__DATA PROVIDED__.
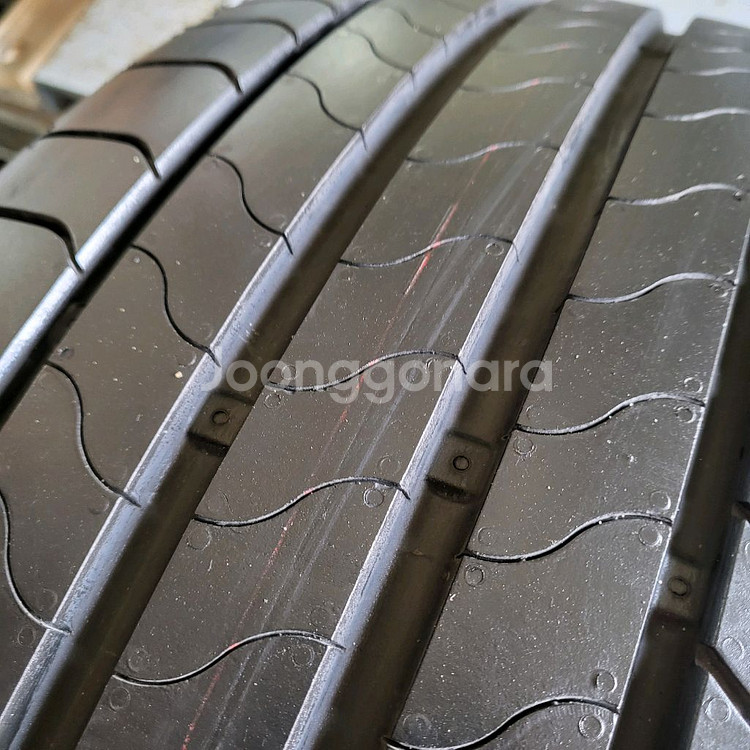 225 55 18 신품급 중고타이어 팝니다--2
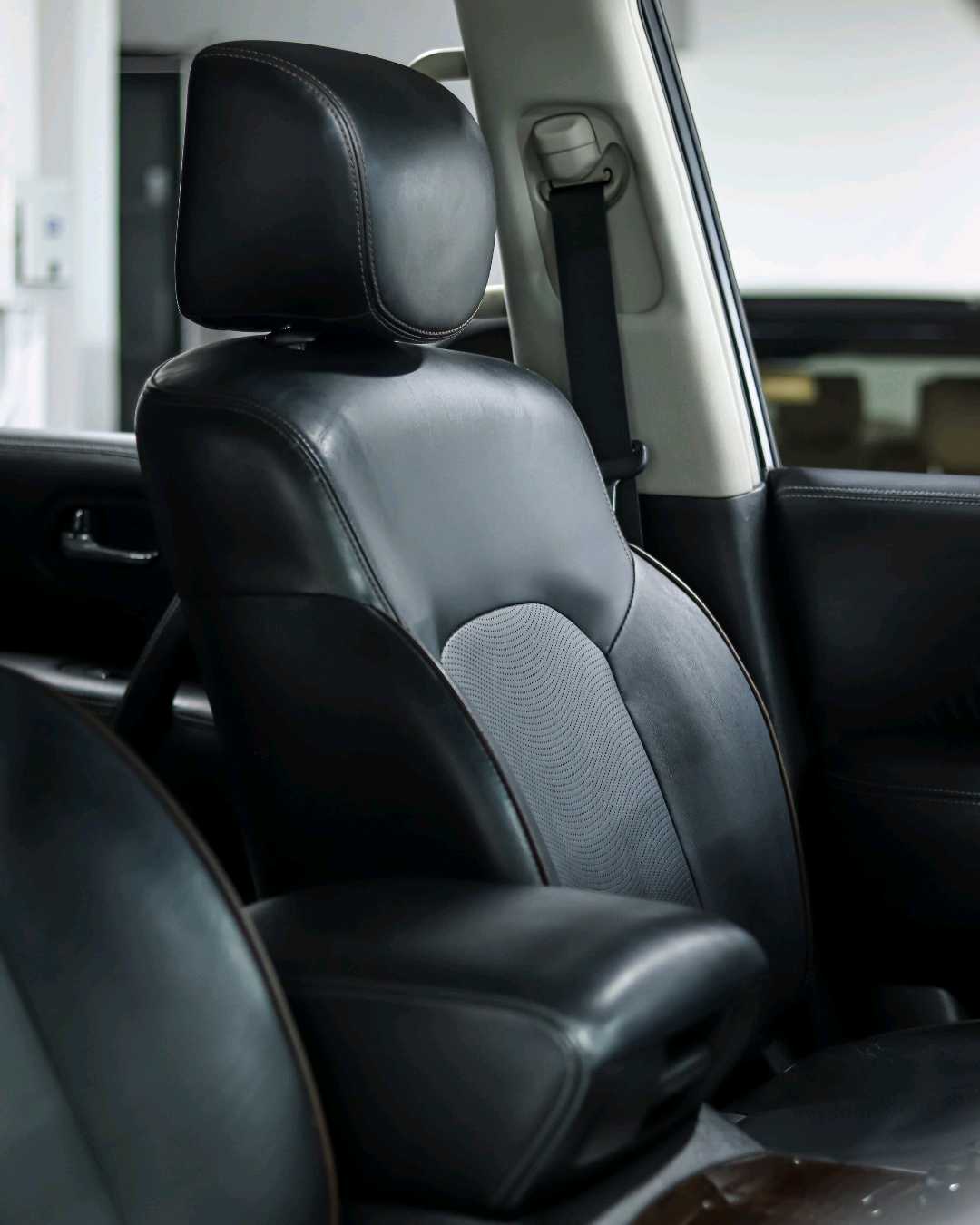 Car Image 2018 NISSAN ARMADA 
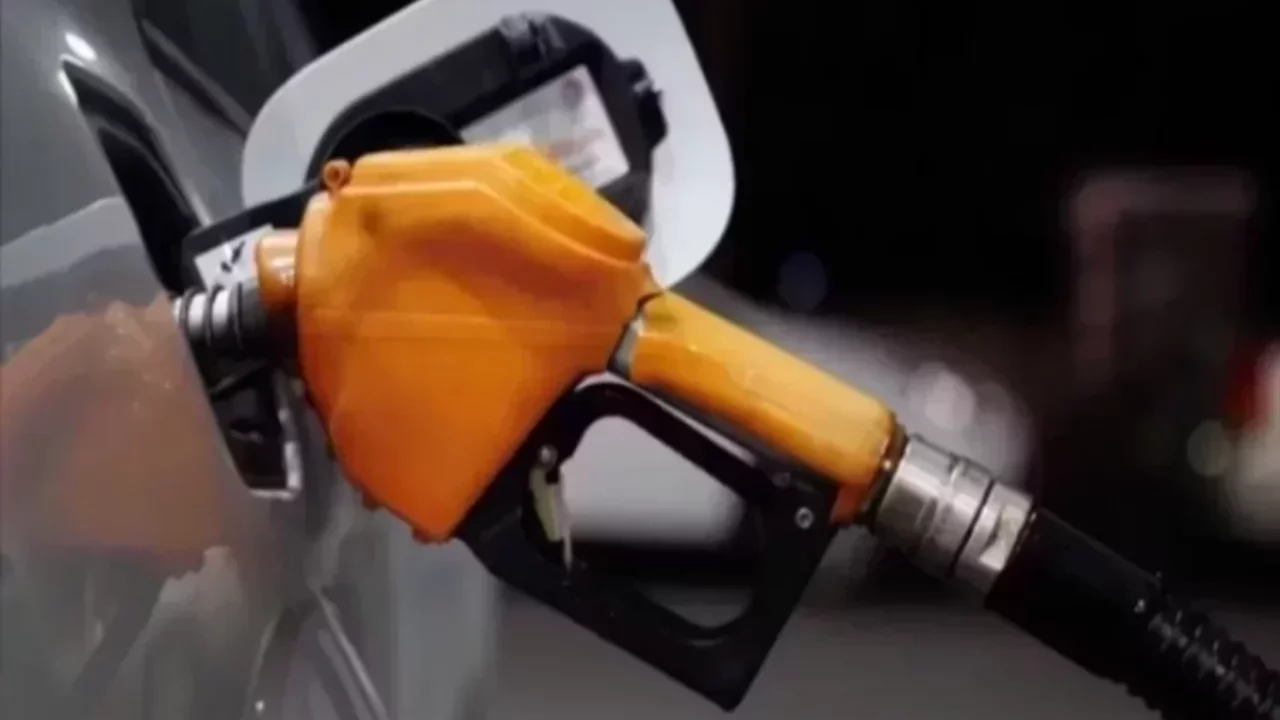 Akaryakıta zam ya da indirim var mı?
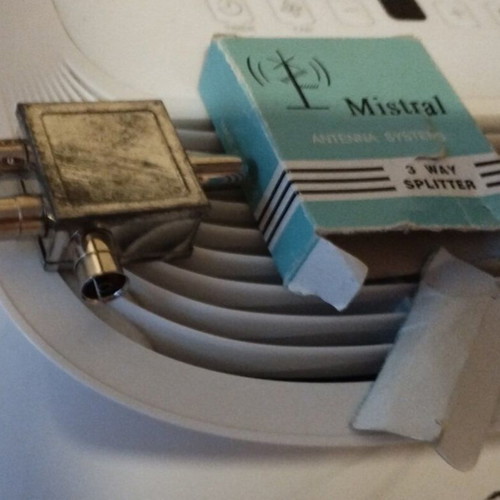 Splitter 3-way Mistral new with box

__ABOUT THIS EXERCISE__. Reproduce exactly the lines from the one with "Akaryakıta zam ya da indirim var mı?" to the bottom of the listing, both ends included, and nothing else. Skip the pictures.

__EXERCISE ANSWER__.
 Akaryakıta zam ya da indirim var mı?
 Splitter 3-way Mistral new with box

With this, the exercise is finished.